A federal appeals court previously held that Shira Perlmutter could stay on as register of copyrights during the appeals process.
The Trump administration on Oct. 27 asked the U.S. Supreme Court to uphold the firing of the director of the U.S. Copyright Office, Shira Perlmutter.
The Copyright Office, a separate department of the Library of Congress, registers copyright claims, stores information about copyright ownership, gives information to the public, and helps Congress and other government offices with copyright-related matters.
The federal government’s emergency application seeks to uphold Perlmutter’s firing after the U.S. Court of Appeals for the District of Columbia Circuit ruled against the government earlier this year.
Perlmutter sued the Trump administration after she was fired in May, arguing the termination—communicated via email—violated federal law.
“The administration’s attempts to remove Ms. Perlmutter as the Register of Copyrights are blatantly unlawful,” the lawsuit said. “Congress vested the Librarian of Congress—not the president—with the power to appoint and, therefore, to remove, the Register of Copyrights.”
President Donald Trump also fired Librarian of Congress Carla Hayden on May 8, two days before removing Perlmutter. Hayden did not challenge her dismissal. The president appointed Deputy Attorney General Todd Blanche as acting librarian—an appointment Perlmutter argues is unlawful because the Library of Congress is not an executive agency and is not governed by the Federal Vacancies Reform Act.
Perlmutter, who was appointed by Hayden in 2020, said Trump’s decision to install Blanche and his associates violated separation-of-powers principles and usurped Congress’s authority. The separation of powers is a constitutional doctrine that divides the government into three branches, preventing any single branch from accumulating too much power.
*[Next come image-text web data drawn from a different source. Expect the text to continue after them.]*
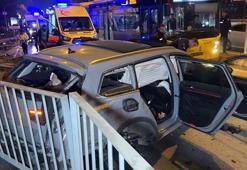 Avcılar’da D-100’de yan yola uçan otomobil, bariyerleri parçalayarak yayalara çarptı: 3 yaralı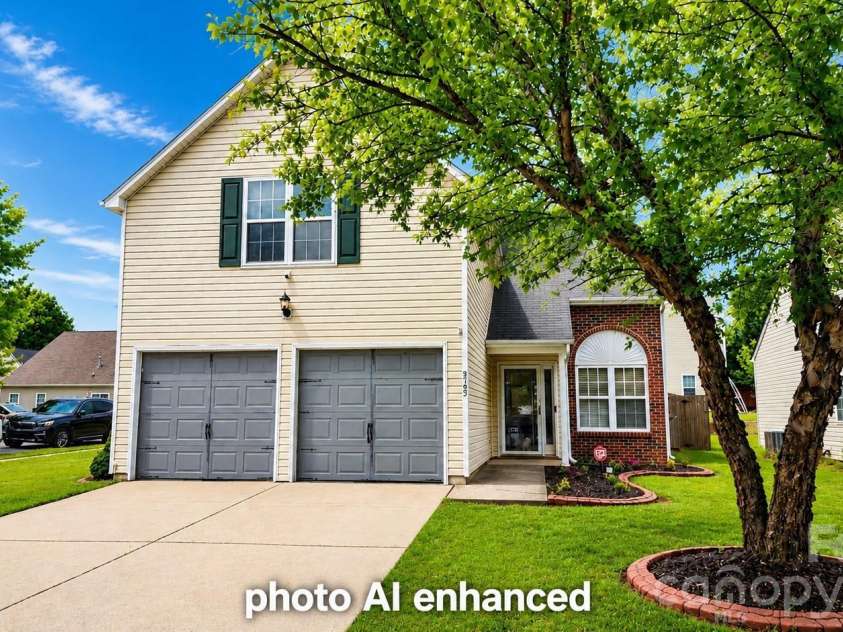 8703 Hazelcroft Lane, Charlotte, NC 28269.  MLS# CAR4378106, YatesRealty ID 30426. 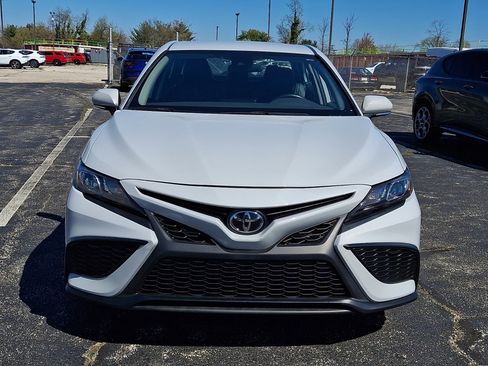 Used 2024 Toyota Camry SE image 8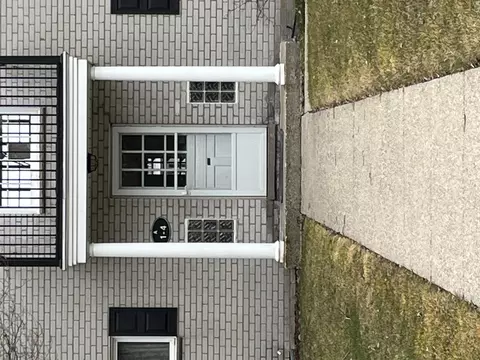 100 W Hickory Grove Rd #A2, Bloomfield Hills, MI 48304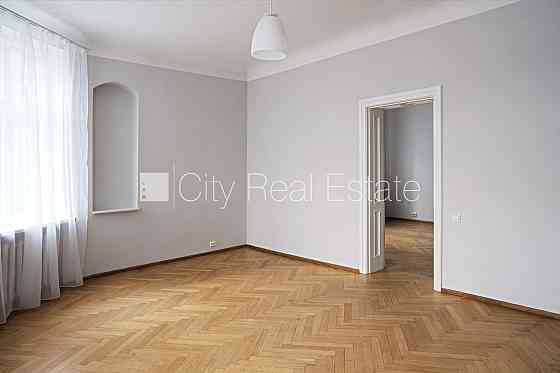 Фасадный дом, окна выходят в обе стороны дома, количество спален 3 шт., Рига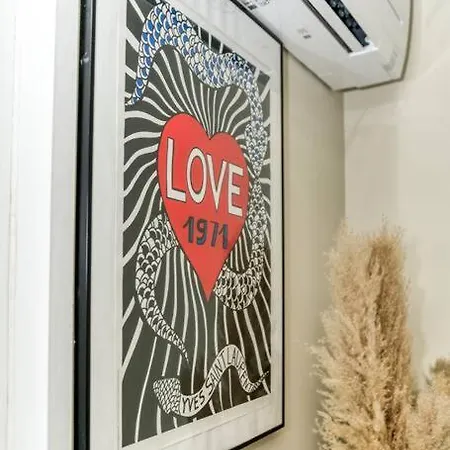 Le Mila ¶ Centre ¶ Confort ¶ Tram ¶ Climatisation Otel *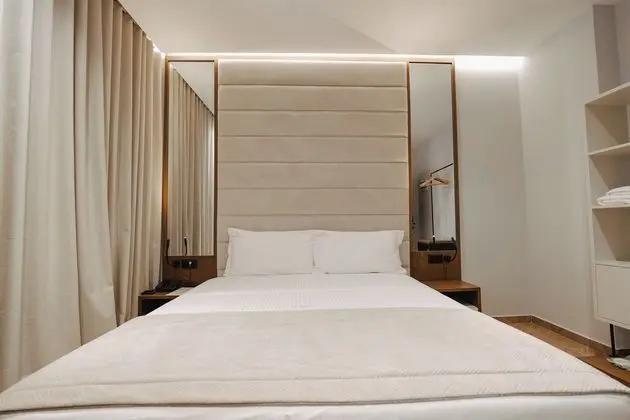 Tek Büyük Yataklı Oda, 1 Çift Kişilik Yatak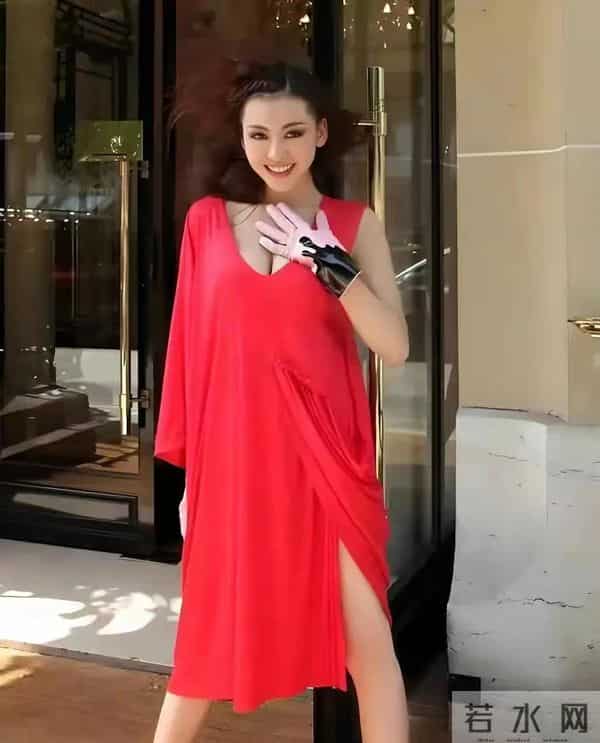 “性感女神”巩新亮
Perlmutter also alleges that Blanche’s designation of Department of Justice official Paul Perkins to assume her position had no legal basis.
Perlmutter’s lawsuit came nearly two weeks after the Copyright Office unveiled a report saying that some uses of copyrighted material to train generative artificial intelligence (AI) systems may require licensing under U.S. law. The report, issued under Perlmutter’s leadership, found that while some AI training could qualify as “fair use,” others likely would not.